Sexuality and Courtship:
Throughout the play, the women relate tales of sex and courtship. The different genders are contrasted in chatter interspersed between details about when Pepe el Romano actually leaves the property. These tales are indicative of the difference between the classes in Southern Spain. As in Act One, laborers or working class men are quick to alleviate sexual longing. They pay for prostitutes and celebrate sexuality and fertility with abandon. This unrestrained euphoria is in direct contrast to the manner in which the upper-class (ruled by the ideals of Bernarda) confronts sexuality, marriage and courtship. In the house of Bernarda Alba, courtship is based on heredity, not love or longing. The eldest daughter, irrespective of other virtues such as beauty and congeniality-- which she lacks-- will attract a suitor because she has wealth. The sisters are expected to wait for suitors worthy of their class, and will, most likely, die waiting. Sincere passion must occur on the sly, with a secret meeting. And the woman who takes part risks shame. In this respect, the daughters are to be pitied. While Poncia, the servant, has been courted with passion, Angustias is approached by Pepe el Romano with a proposal that is business-like. The message is clear: unabashed sexuality or passion with abandon is reserved for the lower class laborers. Meanwhile, Bernarda Alba’s daughters are kept virtually as prisoners in a “convent.” The chance for love, no matter how brief, is thwarted by Bernarda; she interceded to prevent Martirio from being courted by the son of a laborer. Angustias, though obviously a poor match for the younger more attractive Pepe el Romano, is to marry for reasons of property transfer while her other daughters remain pure, having their desires denied. The boundary that Bernarda draws between her offspring and all men other than legitimate suitors is, in the end, illusory. Everyone is human. They are all born with human frailties. To not acknowledge them, as is the case with Bernarda Alba, is an invitation to disaster.

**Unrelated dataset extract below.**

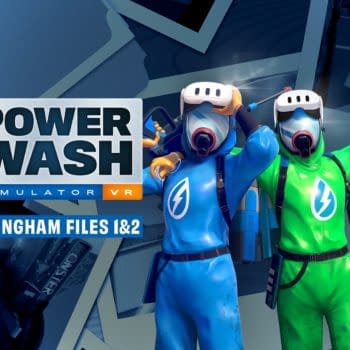 Powerwash Simulator VR Reveals New Content Available Now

A Critique of Andalusian Custom:
García Lorca grew up in Andalusia, a region in southern Spain. As he mentions after the “cast of Characters,” the play is meant to be a photographic documentary, a testament of images of the region. One Andalusian custom which is mentioned numerous times throughout the play is the courtship of a woman at her window (through wrought iron bars). Critics have remarked that Martirio’s remark, “It really is strange how two people who have met suddenly see each other through a window grating and – just like that – they’re engaged!” can be seen as a critique of traditional courtship and romantic notions found in a lot of Andalusian songs and poetry. Is true love an illusion or fantasy, much like the “improbable landscapes” found on the walls in Act One?